Federal authorities have officially saved Minneapolis-St. Paul’s nonstop flight to Japan in a decision that was signed Thursday.
As a result, Delta Air Lines said it will switch its existing flight between MSP and Tokyo’s Narita airport to Haneda airport beginning Oct. 29.
The U.S. Department of Transportation, dismissing a strong protest from American Airlines, finalized a preliminary decision from July to grant Delta the daily flight between MSP and Haneda, a move that protects the Twin Cities from losing its only nonstop flight into Asia.
“Delta’s MSP proposal represents the best way to maximize benefits with the one remaining daytime Haneda slot. The geographic Northern Tier position of MSP, and the advantages that this presents [ ...] continue to represent significant public benefits,” the department said in its final order.
For MSP passengers to Tokyo, the flight to Haneda will shave some commute time because the airport is about 45 minutes closer to the central city than Narita.
In February, an aviation agreement between the U.S. and Japan opened up five daytime routes for U.S. carriers into Haneda. The airport previously was only open to U.S. airlines for night slots. Four of the five slots were set aside for existing nighttime routes that will be transferred to daylight flying. MSP was awarded the only new daytime Haneda slot.
The department awarded Delta two of the five slots, while American, United Airlines and Hawaiian Airlines each received one.

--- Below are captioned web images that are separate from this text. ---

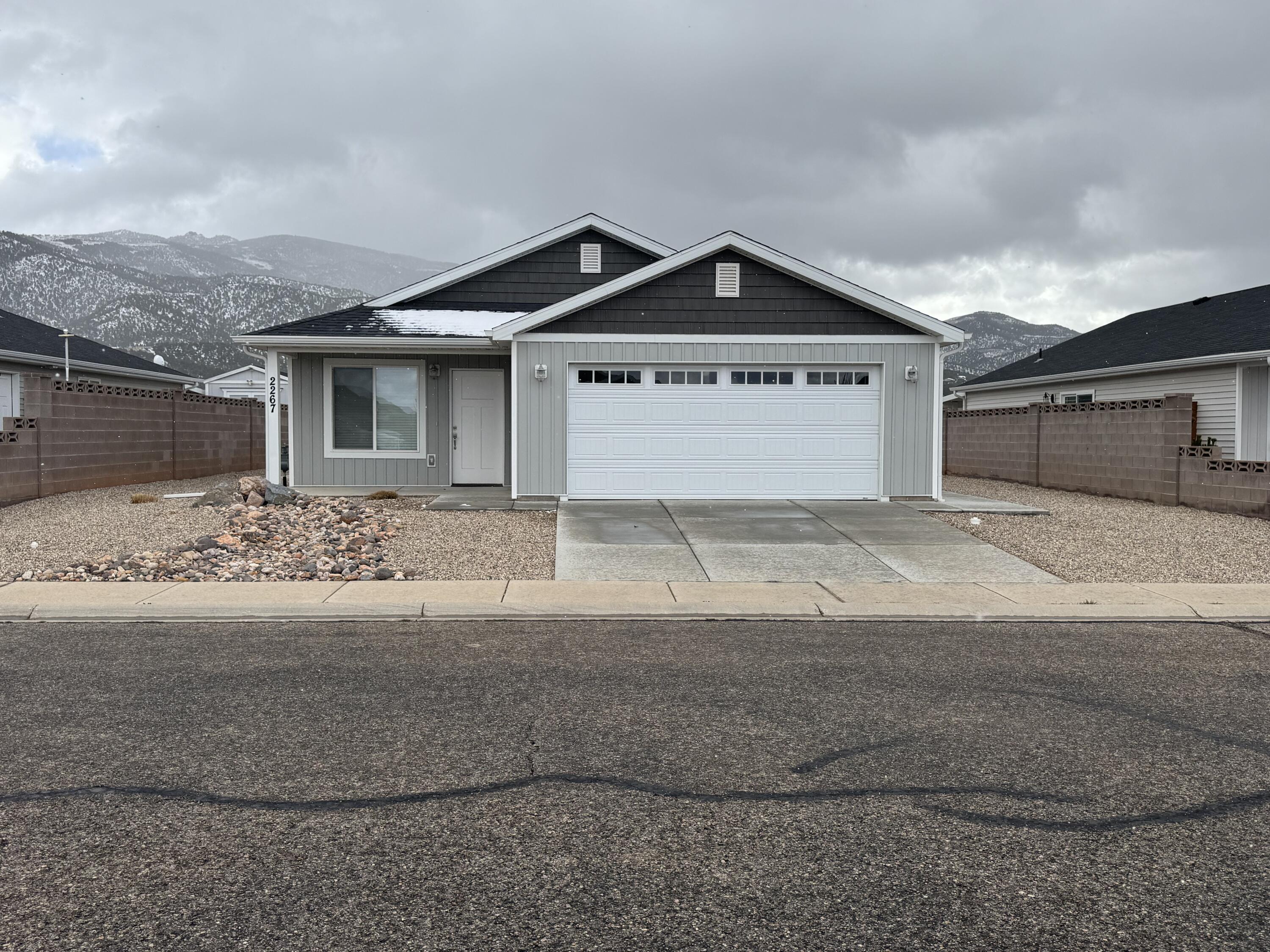 2267 475 South Parowan, UT 84761 - Photo 1 of 29 Yarbro Front A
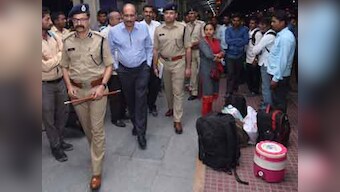 Gujarat migrant crisis: From eating panipuris to visiting railway stations, state police go all out to assuage fears of scared workers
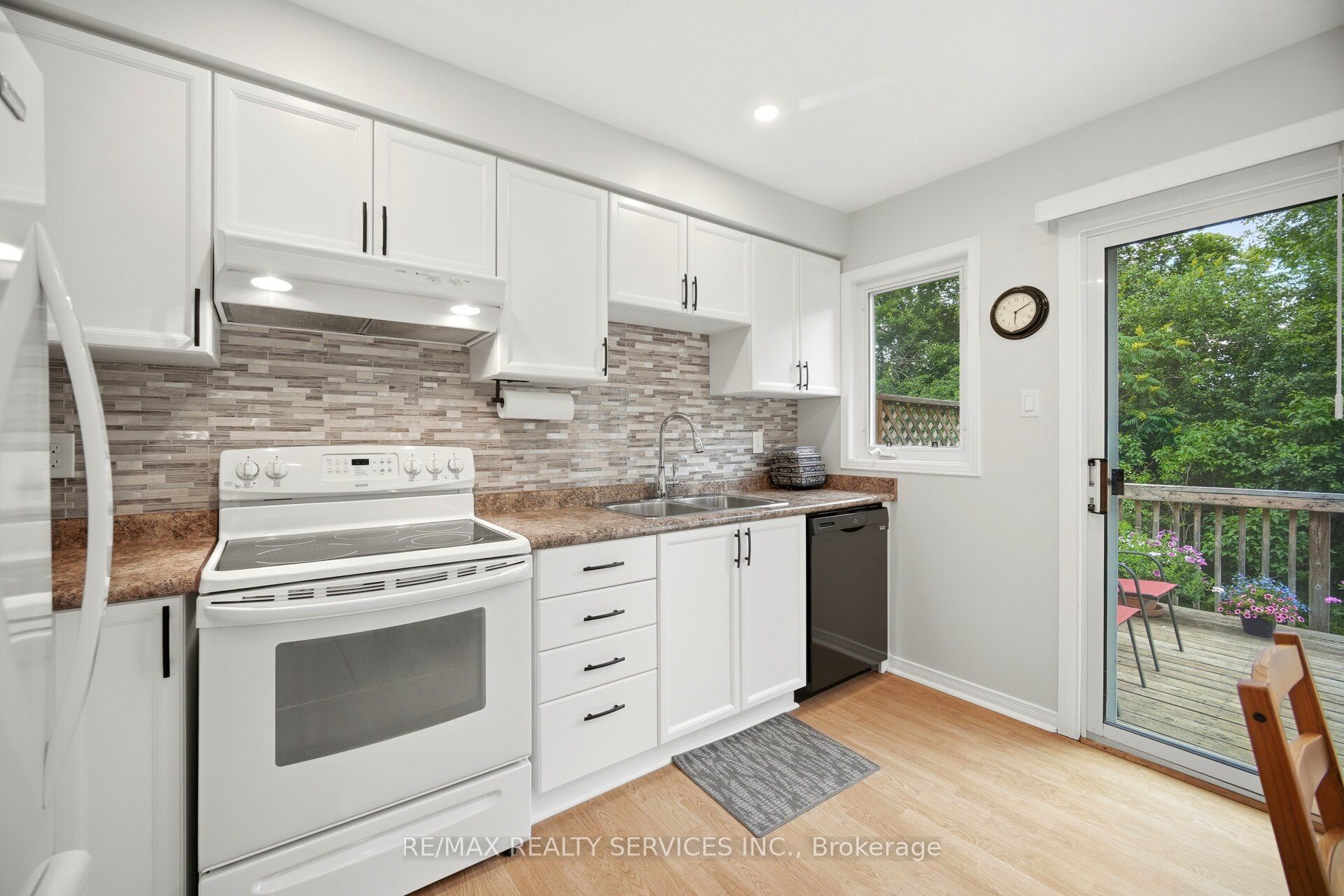 38 Furrows End Property Photo 11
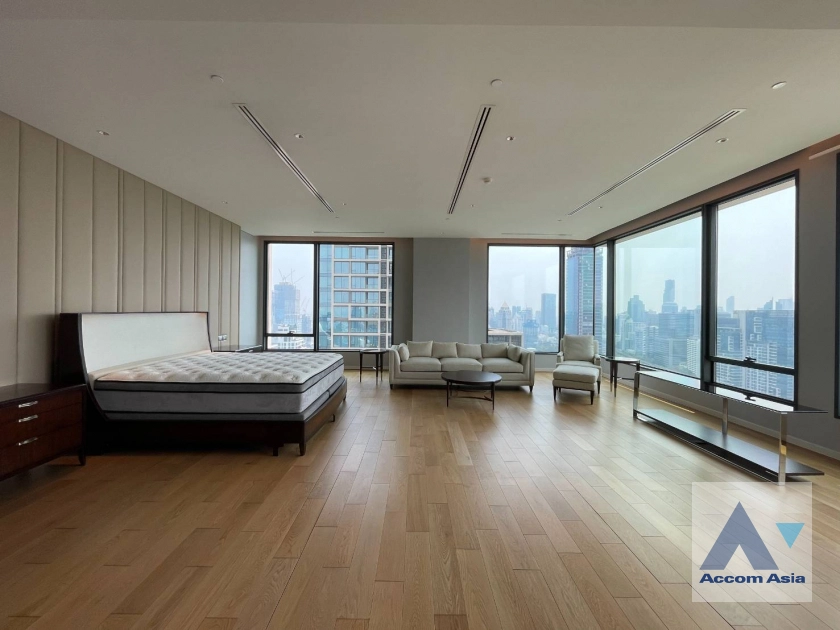 9  3 br Condominium For Sale in Ploenchit ,Bangkok BTS Chitlom at Sindhorn Residence AA44598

Delta initially fought the February agreement. By partly opening the airport to daytime flying by U.S. airlines, the Atlanta-based carrier argued that the department was giving its competitors an advantage. United and American have alliances with Japan’s two large airlines (and therefore more connecting flights), leaving Delta to do more of its own flying. These partnerships allow Delta’s competitors to feasibly operate a split hub, with some U.S. flights landing at Haneda and others at Narita, whereas Delta is more dependent on nonconnecting travelers if Haneda becomes more popular.

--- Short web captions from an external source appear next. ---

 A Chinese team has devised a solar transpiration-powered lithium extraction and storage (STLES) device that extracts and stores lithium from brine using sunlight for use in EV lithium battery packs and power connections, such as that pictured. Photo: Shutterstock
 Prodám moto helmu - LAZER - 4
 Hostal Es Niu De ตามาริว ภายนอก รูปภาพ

Delta warned that its hub at Narita could unravel in the wake of these changes. That process has begun; Delta canceled three nonstop flights from Asian and U.S. cities to Narita last month.
This threat rallied Minnesota politicians and business leaders to lobby the department on behalf of Delta. The entire Minnesota delegation petitioned Transportation Secretary Anthony Foxx, Minnesota Gov. Mark Dayton flew to Washington D.C. to meet with the department, and business coalitions wrote letters to the Obama administration.
American mounted a strong attack of the department’s tentative decision in July to award the new slot to Delta rather than to American for service at Dallas-Fort Worth, its hometown hub.
The department addressed each of its main points and all of Delta’s rebuttals in its final order, but ultimately stuck with its decision, stating the MSP proposal “would enhance geographic diversity” and further competition “by presenting a Midwest alternative” to Japan-based All Nippon Airways’ Chicago-Haneda service. Government officials also “took note of the potential competitive benefit of awarding a second slot to Delta, the one remaining applicant in the proceeding for the fifth available daytime slot that lacks a Japanese alliance partner.”
Peter Carter, chief legal officer of Delta, who thanked the Twin Cities community for its “unwavering support,” said it will feed its MSP-to-Haneda flight from more than 110 U.S. cities. Its Los Angeles-Haneda flight will connect passengers from 35 U.S. cities, he said.